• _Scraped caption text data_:
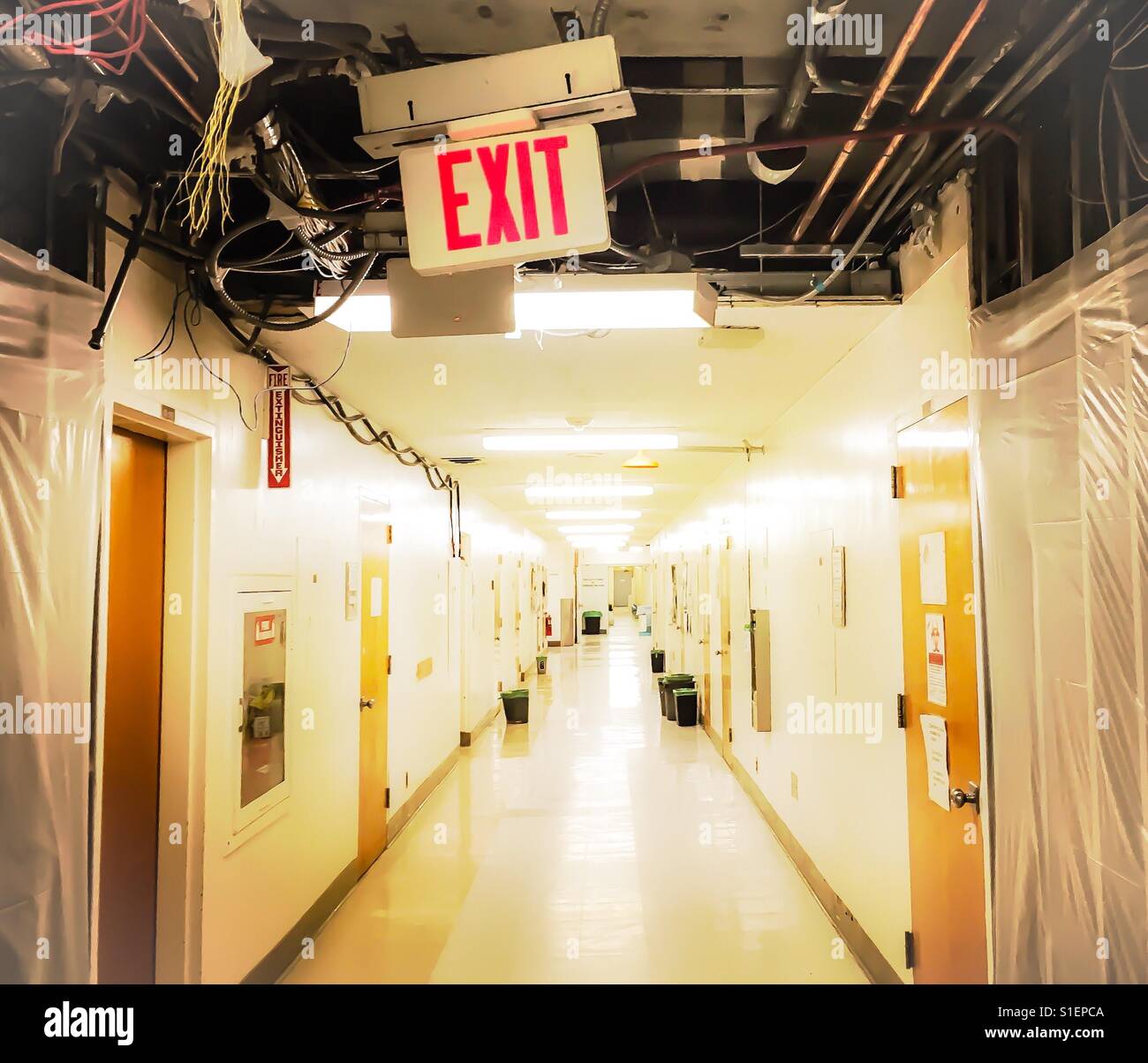 Exit sign in hospital undergoing construction Stock Photo Alamy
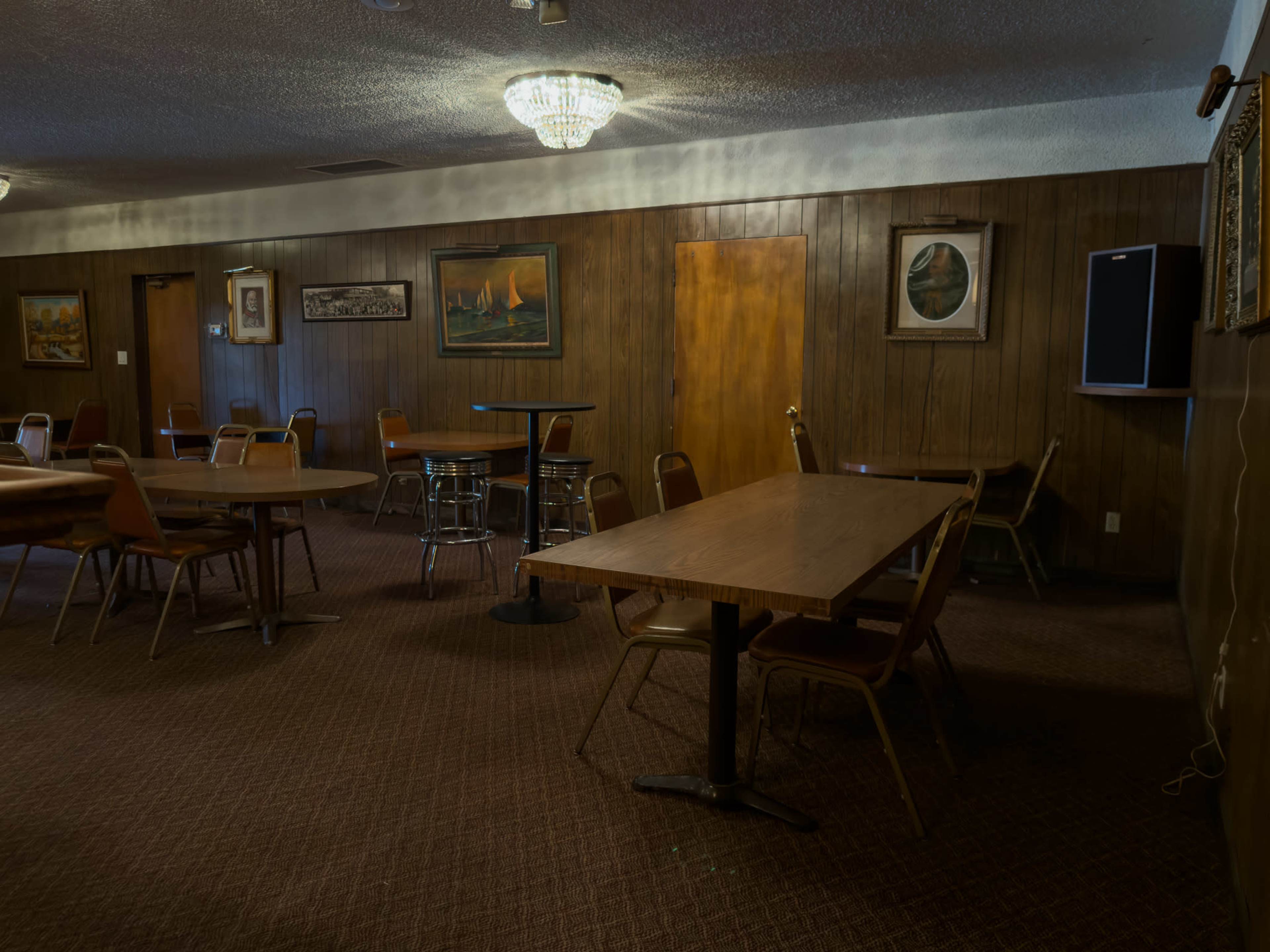 The image shows a sparsely furnished room with several tables and chairs, wooden paneling on the walls, and dim lighting from a chandelier.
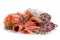 Mixed air cured sliced meats isolated on white.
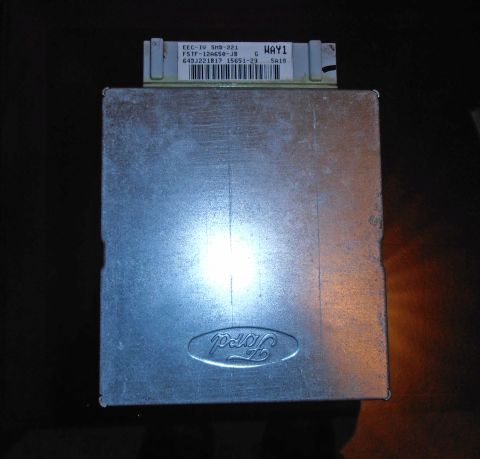 1990 Ford Bronco - This Ford engine control module, identified by part number F5TF-12A650-JB, is a component for a vehicle.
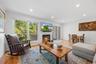 Enjoy the Fireplace or views of the wooded backyard from the comfort of your home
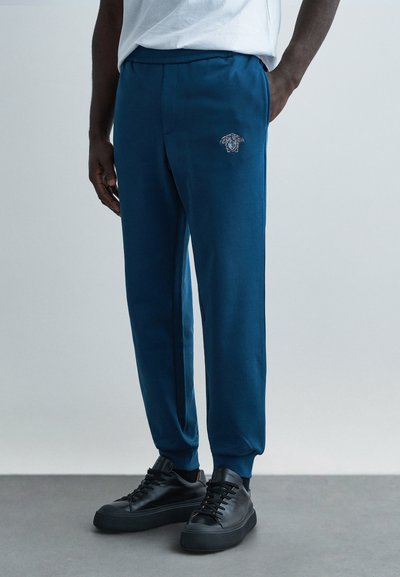 Blue sweatpants with a slim fit, elastic waistband, side pockets, and embroidered logo detail. Paired with black sneakers.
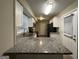 Modern kitchen with granite countertops and stainless steel appliances at 4466 Merlin Dr, Douglasville, GA 30134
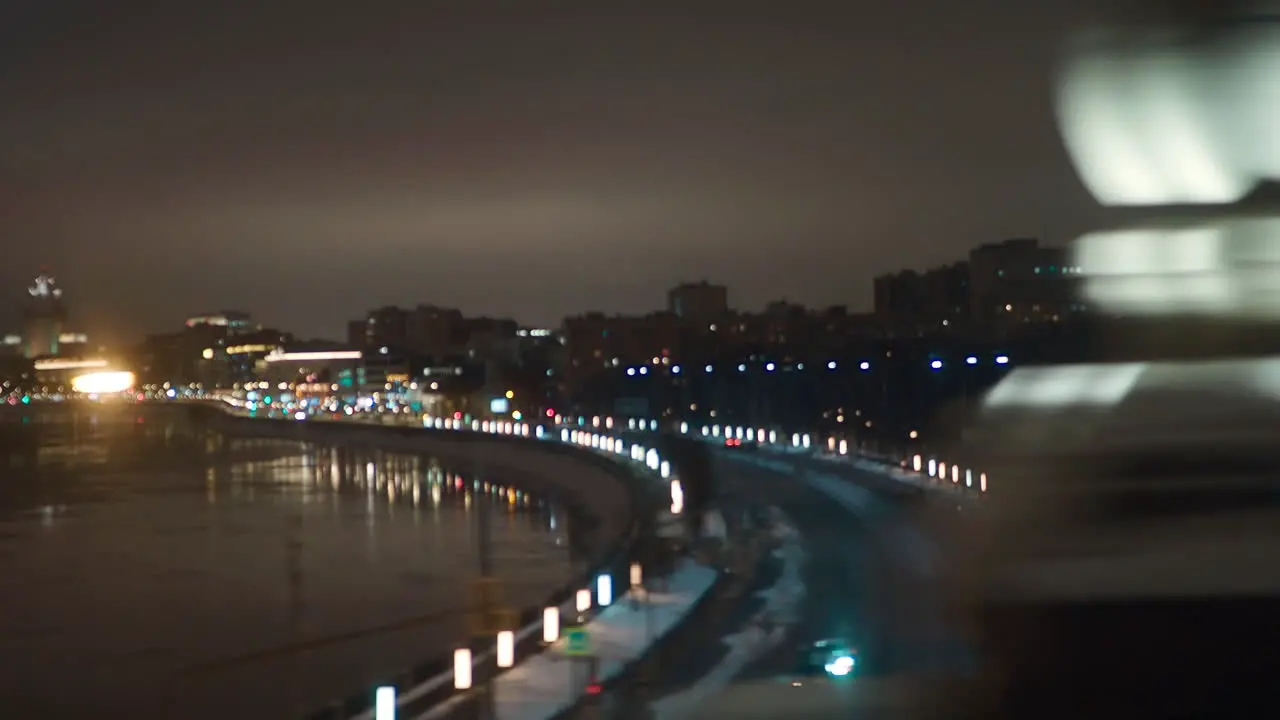 Traveling across Moscow by train at winter night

• _Task goal_:
Both ends included, copy the lines from the one holding "1990 Ford Bronco" to the last line of the entries exactly, with all pictures left out.

• _Written answer_:
 1990 Ford Bronco - This Ford engine control module, identified by part number F5TF-12A650-JB, is a component for a vehicle.
 Enjoy the Fireplace or views of the wooded backyard from the comfort of your home
 Blue sweatpants with a slim fit, elastic waistband, side pockets, and embroidered logo detail. Paired with black sneakers.
 Modern kitchen with granite countertops and stainless steel appliances at 4466 Merlin Dr, Douglasville, GA 30134
 Traveling across Moscow by train at winter night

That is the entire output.